The gods, in whose name the kings of Assyria had gone forth to conquer, and in
whose honor Nebuchadrezzar had reared the temples and palaces of Babylon, had
degenerated into the patrons of a system of magic; the priests, who had once
made and unmade the lords of the East, had become “Chaldean” fortune-tellers,
and the religion and science of Babylonia were remembered only for their
connection with astrology The old tradition had survived in Egypt with less
apparent alteration, but even there the continuity of religious belief and
teaching was more apparent than real, external rather than internal; and though
the Ptolemies and early Roman emperors rebuilt the
temples on the old lines, and allowed themselves to be depicted in the dress of
the Pharaohs, making offerings to gods whose very names they could not have
pronounced, it was all felt to be but a sham, a dressing up, as it were, in the
clothes of a religion out of which all the spirit and life had fled.
Both in Egypt and in Babylonia, therefore, we are thrown back upon the
monumental texts which the excavator has recovered from the soil, and the
decipherer has pieced together with infinite labor and patience. At every step
we are brought face to face with the imperfections of the record, and made
aware how much we have to read into the story, how scanty is the evidence, how
disconnected are the facts. The conclusions we form must to a large extent be
theoretical and provisional, liable to be revised and modified with the
acquisition of fresh material or a more skilful combination of what is already
known. We are compelled to interpret the past in the light of the present, to
judge the men of old by the men of to-day, and to explain their beliefs in
accordance with what seem to us the common and natural opinions of civilized
humanity.
I need not point out how precarious all such attempts must necessarily
be. There is nothing harder than to determine the real character of the
religion of a people, even when the religion is still living. We may describe
its outward characteristics, though even these are not infrequently a matter of
dispute; but the religious ideas themselves, which constitute its essence, are
far more difficult to grasp and define. Indeed, it is not always easy for the
individual himself to state with philosophical or scientific precision the
religious beliefs which he may hold. Difficult as it is to know what another
man believes, it is sometimes quite as difficult to know exactly what one
believes one's self. Our religious ideas and beliefs are a heritage which has
come to us from the past, but which has also been influenced and modified by
the experiences we have undergone, by the education we have received, and,
above all, by the knowledge and tendencies of our age. We seldom attempt to
reduce them into a harmonious whole, to reconcile their inconsistencies, or to
fit them into a consistent system. Beliefs which go back, it may be, to the
ages of barbarism, exist with but little change by the side of others which are
derived from the latest revelations of physical science; and our conceptions of
a spiritual world are not infrequently an ill-assorted mixture of survivals
from a time when the universe was but a small tract of the earth's surface,
with an extinguisher-like firmament above it, and of the ideas which astronomy
has given us of illimitable space, with its millions of worlds.
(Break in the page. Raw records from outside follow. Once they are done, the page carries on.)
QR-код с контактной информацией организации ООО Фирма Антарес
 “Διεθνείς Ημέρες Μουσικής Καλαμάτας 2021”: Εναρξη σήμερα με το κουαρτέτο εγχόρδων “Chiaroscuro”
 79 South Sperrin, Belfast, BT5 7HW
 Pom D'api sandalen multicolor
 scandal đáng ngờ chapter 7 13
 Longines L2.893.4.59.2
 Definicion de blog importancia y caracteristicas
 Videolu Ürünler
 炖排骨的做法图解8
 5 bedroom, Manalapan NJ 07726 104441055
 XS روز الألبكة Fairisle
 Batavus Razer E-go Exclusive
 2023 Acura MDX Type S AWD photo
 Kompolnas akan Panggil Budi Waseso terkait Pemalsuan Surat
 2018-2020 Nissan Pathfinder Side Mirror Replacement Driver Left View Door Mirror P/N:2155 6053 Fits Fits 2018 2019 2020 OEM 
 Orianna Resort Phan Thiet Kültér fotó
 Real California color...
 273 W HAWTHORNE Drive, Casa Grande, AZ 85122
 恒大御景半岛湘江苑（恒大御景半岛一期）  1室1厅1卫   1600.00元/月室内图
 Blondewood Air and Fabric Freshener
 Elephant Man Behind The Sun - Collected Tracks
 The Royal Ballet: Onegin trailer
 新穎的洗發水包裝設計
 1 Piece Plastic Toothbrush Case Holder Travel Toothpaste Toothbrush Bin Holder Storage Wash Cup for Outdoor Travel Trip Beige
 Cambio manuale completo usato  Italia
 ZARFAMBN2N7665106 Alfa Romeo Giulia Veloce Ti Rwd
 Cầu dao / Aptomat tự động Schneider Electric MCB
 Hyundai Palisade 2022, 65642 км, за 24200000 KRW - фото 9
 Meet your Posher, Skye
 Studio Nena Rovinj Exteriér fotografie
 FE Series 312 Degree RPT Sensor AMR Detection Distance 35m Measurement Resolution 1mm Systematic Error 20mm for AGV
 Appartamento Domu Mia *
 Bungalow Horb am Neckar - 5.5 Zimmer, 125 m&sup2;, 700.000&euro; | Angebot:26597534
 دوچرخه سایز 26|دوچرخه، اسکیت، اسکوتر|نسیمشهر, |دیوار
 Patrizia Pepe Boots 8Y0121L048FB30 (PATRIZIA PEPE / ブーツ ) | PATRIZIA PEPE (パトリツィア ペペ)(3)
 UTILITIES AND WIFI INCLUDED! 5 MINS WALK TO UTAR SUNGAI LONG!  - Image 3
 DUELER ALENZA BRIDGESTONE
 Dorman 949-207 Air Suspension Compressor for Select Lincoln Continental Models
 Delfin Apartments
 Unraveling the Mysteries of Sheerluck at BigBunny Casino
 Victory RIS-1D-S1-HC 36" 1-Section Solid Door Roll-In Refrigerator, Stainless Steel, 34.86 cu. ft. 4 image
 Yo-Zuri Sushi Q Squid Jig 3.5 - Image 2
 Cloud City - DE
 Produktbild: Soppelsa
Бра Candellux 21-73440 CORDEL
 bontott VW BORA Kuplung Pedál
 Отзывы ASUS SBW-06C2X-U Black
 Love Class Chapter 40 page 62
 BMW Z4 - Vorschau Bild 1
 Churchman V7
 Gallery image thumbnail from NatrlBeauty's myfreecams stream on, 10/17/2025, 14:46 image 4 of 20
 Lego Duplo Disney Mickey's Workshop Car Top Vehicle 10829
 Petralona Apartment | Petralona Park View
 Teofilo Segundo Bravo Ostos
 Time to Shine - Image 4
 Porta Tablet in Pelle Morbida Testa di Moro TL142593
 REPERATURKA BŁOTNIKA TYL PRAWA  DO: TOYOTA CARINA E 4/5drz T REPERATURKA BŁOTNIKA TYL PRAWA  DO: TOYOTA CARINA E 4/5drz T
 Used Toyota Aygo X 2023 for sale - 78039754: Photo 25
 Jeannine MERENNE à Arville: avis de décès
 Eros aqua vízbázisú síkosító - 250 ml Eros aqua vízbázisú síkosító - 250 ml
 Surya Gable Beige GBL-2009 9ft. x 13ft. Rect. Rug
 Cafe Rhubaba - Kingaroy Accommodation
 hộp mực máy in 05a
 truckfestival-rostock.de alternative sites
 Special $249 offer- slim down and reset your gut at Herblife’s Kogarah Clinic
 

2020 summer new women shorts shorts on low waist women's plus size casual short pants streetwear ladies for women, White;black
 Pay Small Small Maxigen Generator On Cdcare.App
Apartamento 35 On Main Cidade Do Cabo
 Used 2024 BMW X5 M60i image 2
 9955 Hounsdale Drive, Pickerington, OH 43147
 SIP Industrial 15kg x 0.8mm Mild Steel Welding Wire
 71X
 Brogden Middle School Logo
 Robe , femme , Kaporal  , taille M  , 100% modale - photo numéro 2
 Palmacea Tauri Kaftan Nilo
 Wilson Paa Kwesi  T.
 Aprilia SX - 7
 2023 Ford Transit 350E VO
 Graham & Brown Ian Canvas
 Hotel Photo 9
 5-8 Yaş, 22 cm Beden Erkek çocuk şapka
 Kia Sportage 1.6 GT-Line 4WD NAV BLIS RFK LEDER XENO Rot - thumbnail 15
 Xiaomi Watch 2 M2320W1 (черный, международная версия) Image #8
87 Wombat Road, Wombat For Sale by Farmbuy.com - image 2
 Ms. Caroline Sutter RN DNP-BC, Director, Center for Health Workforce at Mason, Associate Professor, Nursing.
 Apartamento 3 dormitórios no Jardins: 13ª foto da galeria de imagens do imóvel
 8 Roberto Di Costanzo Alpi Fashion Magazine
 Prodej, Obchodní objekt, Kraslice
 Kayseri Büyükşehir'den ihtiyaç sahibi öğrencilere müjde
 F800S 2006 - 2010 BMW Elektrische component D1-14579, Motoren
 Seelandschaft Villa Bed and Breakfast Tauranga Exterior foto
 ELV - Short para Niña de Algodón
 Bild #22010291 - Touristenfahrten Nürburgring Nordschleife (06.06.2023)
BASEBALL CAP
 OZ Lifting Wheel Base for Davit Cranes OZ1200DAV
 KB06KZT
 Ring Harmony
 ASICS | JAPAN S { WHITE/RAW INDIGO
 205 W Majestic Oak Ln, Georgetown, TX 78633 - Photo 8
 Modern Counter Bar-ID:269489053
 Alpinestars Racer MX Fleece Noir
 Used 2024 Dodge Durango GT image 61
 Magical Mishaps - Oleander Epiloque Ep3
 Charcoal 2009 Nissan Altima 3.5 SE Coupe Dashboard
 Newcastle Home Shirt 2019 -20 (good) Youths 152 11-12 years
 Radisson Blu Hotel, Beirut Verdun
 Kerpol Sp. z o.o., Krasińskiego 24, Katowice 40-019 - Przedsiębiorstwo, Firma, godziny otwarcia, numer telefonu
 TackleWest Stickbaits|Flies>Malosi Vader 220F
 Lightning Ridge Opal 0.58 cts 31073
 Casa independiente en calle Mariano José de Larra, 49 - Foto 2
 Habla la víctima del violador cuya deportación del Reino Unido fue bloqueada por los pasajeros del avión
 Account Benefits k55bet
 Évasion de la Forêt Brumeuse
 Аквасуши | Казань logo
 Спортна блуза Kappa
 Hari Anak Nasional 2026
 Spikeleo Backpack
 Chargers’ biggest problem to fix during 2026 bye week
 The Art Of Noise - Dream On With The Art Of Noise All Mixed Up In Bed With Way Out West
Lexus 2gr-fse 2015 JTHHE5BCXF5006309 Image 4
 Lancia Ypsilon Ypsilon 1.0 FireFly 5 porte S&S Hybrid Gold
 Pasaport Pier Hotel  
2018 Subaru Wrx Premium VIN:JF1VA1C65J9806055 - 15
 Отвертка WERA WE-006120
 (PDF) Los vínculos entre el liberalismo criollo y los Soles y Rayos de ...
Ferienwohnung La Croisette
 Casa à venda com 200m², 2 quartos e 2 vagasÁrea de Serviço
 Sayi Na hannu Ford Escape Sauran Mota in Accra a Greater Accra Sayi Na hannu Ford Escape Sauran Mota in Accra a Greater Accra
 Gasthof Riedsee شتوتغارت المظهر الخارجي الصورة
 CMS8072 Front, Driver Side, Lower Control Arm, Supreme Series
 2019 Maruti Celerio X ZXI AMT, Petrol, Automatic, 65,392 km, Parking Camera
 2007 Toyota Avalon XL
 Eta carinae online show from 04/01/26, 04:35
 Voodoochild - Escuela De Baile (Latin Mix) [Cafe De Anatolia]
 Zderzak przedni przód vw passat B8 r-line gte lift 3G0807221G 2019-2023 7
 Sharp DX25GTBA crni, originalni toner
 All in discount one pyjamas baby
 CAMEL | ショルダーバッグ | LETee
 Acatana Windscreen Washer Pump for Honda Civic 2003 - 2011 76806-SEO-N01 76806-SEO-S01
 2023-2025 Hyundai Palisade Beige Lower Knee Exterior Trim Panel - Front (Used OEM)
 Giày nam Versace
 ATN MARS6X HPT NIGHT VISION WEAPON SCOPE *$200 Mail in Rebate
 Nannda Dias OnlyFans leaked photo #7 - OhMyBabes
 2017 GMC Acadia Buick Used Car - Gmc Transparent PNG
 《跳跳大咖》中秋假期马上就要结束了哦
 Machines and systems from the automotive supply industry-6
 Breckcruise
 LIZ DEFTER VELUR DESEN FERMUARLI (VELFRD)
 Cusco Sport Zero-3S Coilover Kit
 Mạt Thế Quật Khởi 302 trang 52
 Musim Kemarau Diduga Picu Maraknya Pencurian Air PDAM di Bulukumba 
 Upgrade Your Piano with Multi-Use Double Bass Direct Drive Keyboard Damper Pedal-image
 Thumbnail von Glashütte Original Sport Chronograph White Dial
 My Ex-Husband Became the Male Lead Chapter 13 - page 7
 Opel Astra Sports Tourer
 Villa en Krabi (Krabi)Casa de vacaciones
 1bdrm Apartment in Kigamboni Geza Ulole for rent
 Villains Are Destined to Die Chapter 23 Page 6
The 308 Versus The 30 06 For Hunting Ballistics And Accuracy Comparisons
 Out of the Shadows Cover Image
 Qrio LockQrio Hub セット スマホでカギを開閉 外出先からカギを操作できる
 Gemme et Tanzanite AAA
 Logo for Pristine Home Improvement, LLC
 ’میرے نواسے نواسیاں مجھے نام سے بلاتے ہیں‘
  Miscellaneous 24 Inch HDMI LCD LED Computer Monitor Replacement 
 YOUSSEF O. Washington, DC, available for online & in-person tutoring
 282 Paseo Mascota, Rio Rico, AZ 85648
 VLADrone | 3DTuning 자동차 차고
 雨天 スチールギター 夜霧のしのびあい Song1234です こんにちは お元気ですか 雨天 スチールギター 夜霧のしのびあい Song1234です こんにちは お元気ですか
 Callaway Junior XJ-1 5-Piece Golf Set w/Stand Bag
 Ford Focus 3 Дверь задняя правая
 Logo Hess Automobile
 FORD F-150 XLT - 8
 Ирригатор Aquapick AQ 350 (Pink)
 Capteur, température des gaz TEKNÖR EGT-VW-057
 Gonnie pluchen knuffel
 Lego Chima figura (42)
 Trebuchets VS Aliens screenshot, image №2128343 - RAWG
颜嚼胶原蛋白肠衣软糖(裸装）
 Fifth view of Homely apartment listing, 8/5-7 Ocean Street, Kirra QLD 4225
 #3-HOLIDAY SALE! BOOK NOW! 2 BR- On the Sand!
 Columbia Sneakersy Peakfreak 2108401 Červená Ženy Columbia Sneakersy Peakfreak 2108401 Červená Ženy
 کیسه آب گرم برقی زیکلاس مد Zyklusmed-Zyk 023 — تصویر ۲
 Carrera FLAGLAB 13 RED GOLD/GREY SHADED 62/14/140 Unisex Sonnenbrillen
If it is difficult to understand and describe with accuracy the
religions which are living in our midst, how much more difficult must it be to
understand and describe the religions that have gone before them, even when the
materials for doing so are at hand! We are constantly told that the past
history of the particular forms of religion which we profess, has been
misunderstood and misconceived; that it is only now, for example, that the true
history of early Christianity is being discovered and written, or that the
motives and principles underlying the Reformation are being rightly understood.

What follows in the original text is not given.